Old wisdom and modern economics1 min read . Updated: 31 Jan 2020, 06:17 PM IST
- After GDP growth dipped to a six-year low of 4.5% in the July-September quarter of 2019, many had wondered how far it would fall before the economy found its feet
India’s latest Economic Survey offers some comfort on the health of the Indian economy. Authored by chief economic advisor (CEA) Krishnamurthy Subramanian, it suggests that the growth slowdown has bottomed out, and a recovery is on the cards. It estimates that our gross domestic product (GDP) would expand between 6% and 6.5% in 2020-21, up a percentage point or more from the 5% expansion it pencils in for the current fiscal year.
After GDP growth dipped to a six-year low of 4.5% in the July-September quarter of 2019, many had wondered how far it would fall before the economy found its feet. In this respect, the survey’s projections are quite encouraging. Such a growth revival, however, would require the support of fiscal policy, which plays a crucial role in exceptional times like these. Private investment is showing few signs of life and monetary policy tools seem decidedly blunt. This means tax cuts or increased outlays on infrastructure and social programmes would have to stimulate growth. Unfortunately, India operates within a rigid fiscal framework that caps the extent to which a government can outspend its revenues. Some fiscal leeway does exist for exigencies, which the Survey nudges the Centre to resort to. For fiscal policy to be more adaptive to tough economic conditions, though, Parliament may need to modify the Fiscal Responsibility and Budget Management Act at some point.

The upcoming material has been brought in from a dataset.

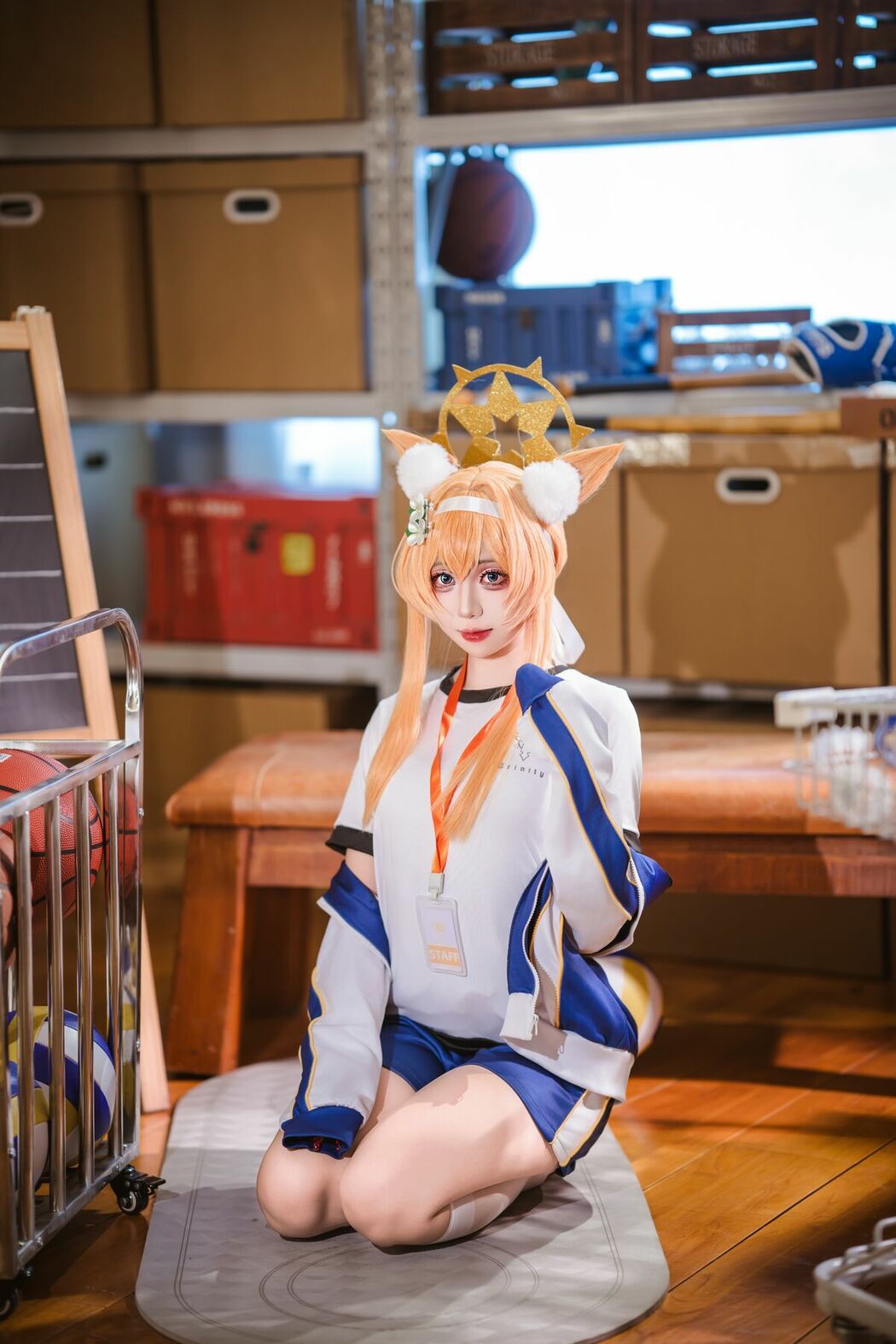 YiTuYu艺图语 Vol.10317 Sheng Lai Quan Wei De Ming (19P)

If finance minister Nirmala Sitharaman takes its cues from the Survey for the Union budget to be presented on Saturday, it could help the wheels of the economy get out of their rut. Once growth stabilizes, the excess spending would need to be scaled back—lest other aspects of the economy get distorted. The Survey calls for strengthening the invisible hand of the market and supporting it with the “hand of trust". Like Subramanian’s previous Survey, this one also veers into advice from ancient Indian texts, such as Kautilya’s Arthashastra, to make its points. While all this gives it a touch of exotica, it doesn’t depart from market economics. Expanding the pie must precede efforts to redistribute it, in its view. For that, private enterprise must play its role. And we must trust that the self-interest of business will work in favour of everyone.